● **WHAT YOU HAVE TO DO**
Throughout the entries below, report every line where "Carnival" is found.

● **DATA PROVIDED**
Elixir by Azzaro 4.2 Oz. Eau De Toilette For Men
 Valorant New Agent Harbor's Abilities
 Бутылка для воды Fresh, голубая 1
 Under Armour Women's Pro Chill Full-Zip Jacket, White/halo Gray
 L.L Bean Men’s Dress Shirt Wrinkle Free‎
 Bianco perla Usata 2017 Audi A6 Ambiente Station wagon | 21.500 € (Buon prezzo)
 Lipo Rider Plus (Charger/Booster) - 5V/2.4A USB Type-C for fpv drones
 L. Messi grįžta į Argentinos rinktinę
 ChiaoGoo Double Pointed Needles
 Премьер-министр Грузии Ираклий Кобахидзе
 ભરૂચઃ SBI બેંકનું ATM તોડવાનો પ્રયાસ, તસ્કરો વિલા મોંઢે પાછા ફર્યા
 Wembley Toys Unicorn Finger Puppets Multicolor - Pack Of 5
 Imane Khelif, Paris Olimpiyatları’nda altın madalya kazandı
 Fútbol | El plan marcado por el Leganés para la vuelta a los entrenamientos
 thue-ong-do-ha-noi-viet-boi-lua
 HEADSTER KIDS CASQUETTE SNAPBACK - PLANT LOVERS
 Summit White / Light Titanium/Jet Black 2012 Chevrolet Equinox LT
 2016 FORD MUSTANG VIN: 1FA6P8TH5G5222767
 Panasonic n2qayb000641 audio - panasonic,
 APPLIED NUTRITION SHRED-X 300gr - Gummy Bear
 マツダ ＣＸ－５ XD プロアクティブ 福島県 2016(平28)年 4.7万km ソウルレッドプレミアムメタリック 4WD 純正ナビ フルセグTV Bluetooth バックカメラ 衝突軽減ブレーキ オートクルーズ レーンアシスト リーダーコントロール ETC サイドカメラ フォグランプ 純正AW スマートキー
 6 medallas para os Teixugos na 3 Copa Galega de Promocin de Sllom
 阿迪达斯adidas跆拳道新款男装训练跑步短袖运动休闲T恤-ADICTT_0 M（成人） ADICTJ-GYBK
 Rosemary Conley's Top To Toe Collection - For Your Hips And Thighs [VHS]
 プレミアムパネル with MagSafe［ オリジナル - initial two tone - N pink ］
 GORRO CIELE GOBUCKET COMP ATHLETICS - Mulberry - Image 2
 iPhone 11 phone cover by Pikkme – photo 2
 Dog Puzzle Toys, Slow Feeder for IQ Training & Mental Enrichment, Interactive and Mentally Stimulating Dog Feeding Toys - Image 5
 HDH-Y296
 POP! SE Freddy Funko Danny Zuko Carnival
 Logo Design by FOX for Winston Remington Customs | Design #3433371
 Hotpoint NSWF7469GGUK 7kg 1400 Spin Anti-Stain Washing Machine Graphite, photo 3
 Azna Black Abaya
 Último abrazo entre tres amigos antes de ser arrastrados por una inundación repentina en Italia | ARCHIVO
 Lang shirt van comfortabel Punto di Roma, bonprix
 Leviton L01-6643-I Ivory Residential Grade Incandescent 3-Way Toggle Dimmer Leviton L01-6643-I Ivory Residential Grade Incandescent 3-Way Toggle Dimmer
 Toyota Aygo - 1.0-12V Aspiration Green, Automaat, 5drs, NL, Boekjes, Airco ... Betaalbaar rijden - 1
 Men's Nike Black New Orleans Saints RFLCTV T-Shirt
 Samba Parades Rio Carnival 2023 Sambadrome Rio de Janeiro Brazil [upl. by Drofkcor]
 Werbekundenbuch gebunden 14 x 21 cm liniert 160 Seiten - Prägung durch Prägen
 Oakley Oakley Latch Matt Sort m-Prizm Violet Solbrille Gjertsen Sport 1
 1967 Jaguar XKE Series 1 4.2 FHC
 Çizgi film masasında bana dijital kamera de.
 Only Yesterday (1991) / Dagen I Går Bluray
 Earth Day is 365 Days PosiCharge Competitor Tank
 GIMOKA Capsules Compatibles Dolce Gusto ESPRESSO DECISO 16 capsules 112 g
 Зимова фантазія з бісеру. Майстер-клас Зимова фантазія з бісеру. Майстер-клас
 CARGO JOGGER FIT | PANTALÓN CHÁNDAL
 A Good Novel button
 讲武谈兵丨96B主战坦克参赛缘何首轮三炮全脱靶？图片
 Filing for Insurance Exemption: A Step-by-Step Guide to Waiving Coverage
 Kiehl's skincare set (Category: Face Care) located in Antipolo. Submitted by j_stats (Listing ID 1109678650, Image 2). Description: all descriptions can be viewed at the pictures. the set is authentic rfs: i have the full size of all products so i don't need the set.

● **PROBLEM SOLUTION**
 POP! SE Freddy Funko Danny Zuko Carnival
 Samba Parades Rio Carnival 2023 Sambadrome Rio de Janeiro Brazil [upl. by Drofkcor]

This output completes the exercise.